# [Required work]
Copy the data that appears below exactly. Drop the pictures.

# [Available data]

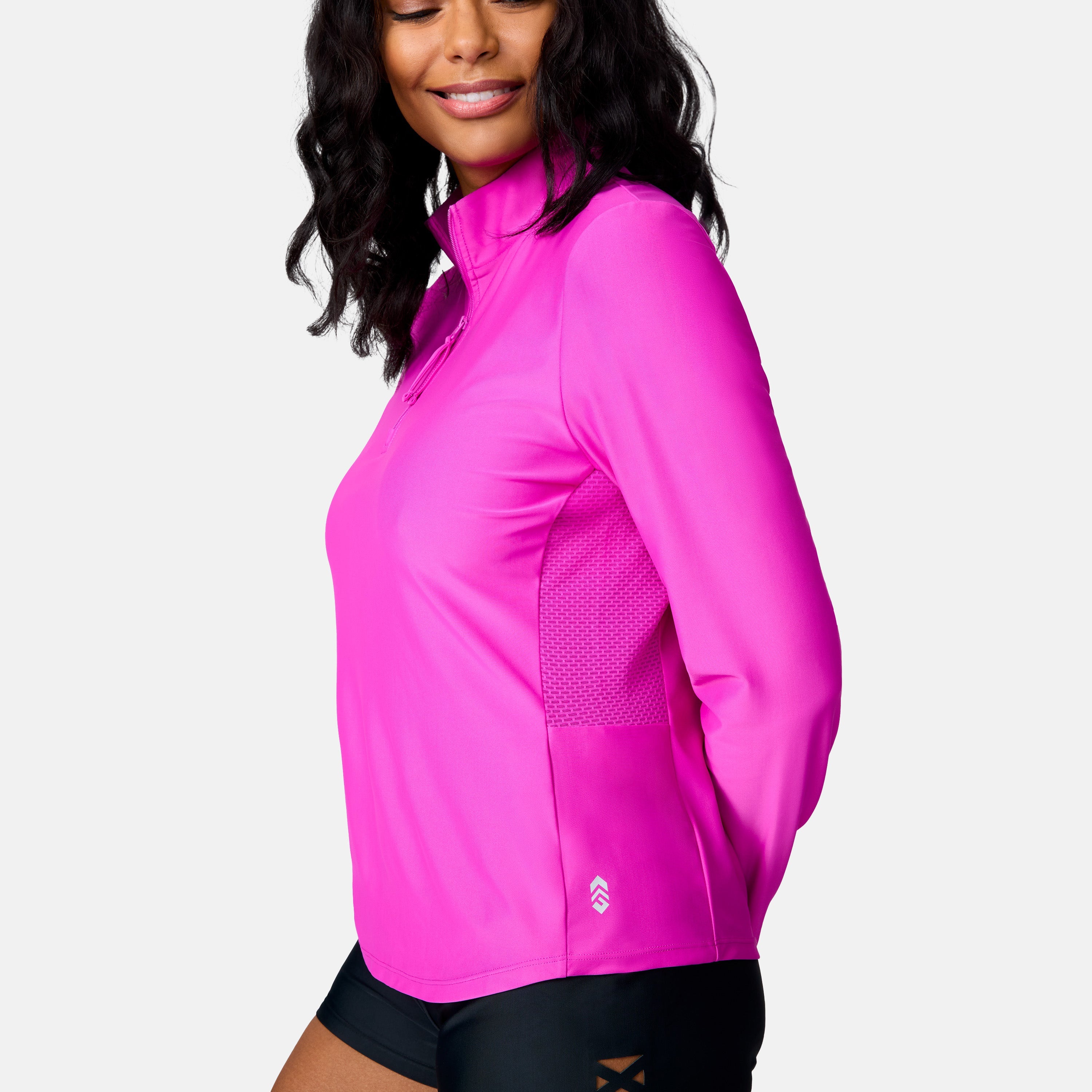 Sun Breeze 1/2 Zip Sunshirt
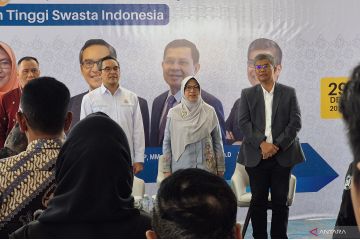 Dongkrak APK kuliah, Kemdiktisaintek dorong PTS kolaborasi dengan PTN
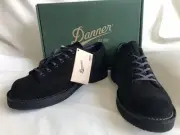 Sold Out Danner Bull Run Low Lo Suede Black
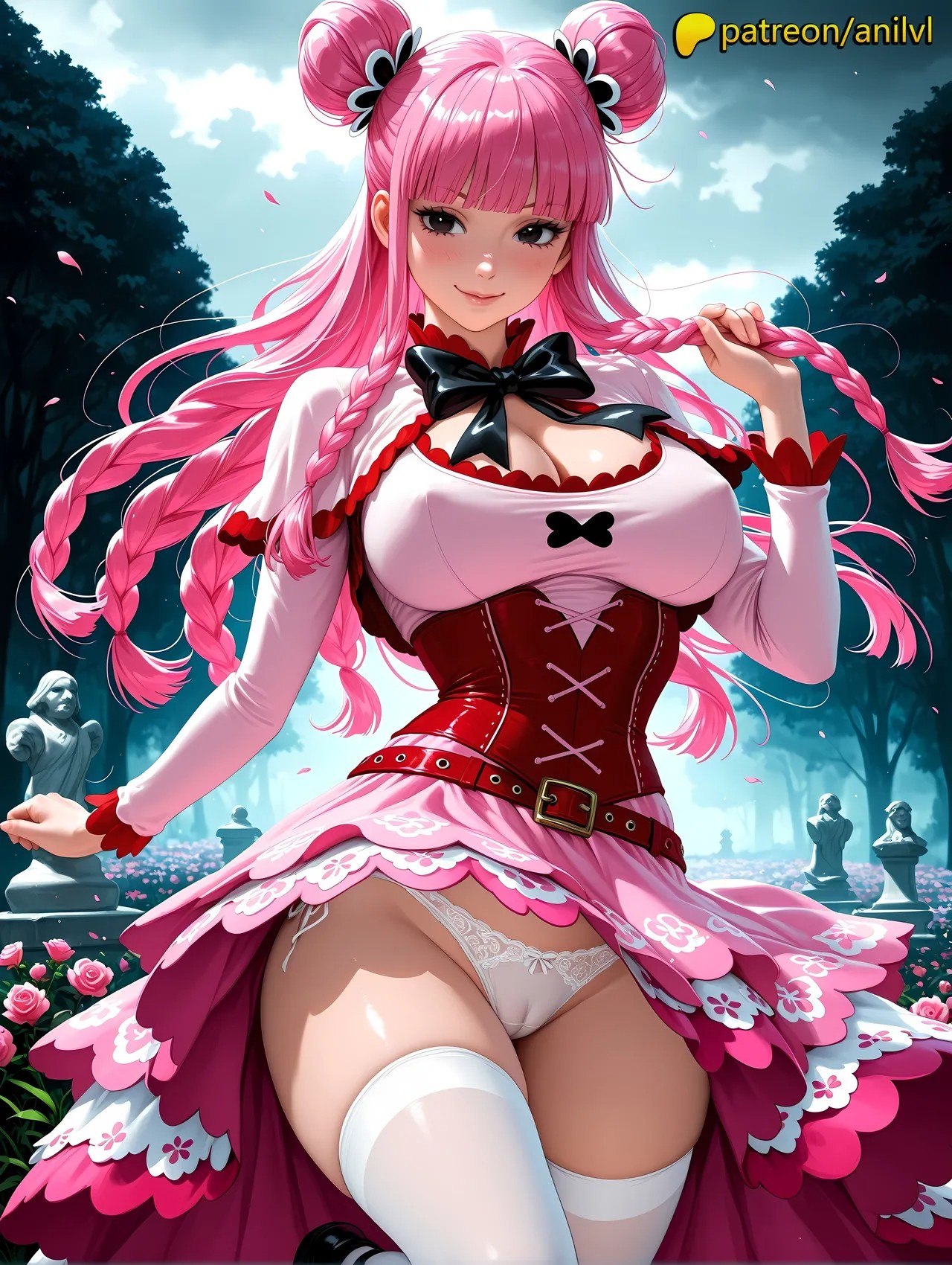 Perona: One Piece  Hentai pt-br 29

# [Your response]
 Sun Breeze 1/2 Zip Sunshirt
 Dongkrak APK kuliah, Kemdiktisaintek dorong PTS kolaborasi dengan PTN
 Sold Out Danner Bull Run Low Lo Suede Black
 Perona: One Piece  Hentai pt-br 29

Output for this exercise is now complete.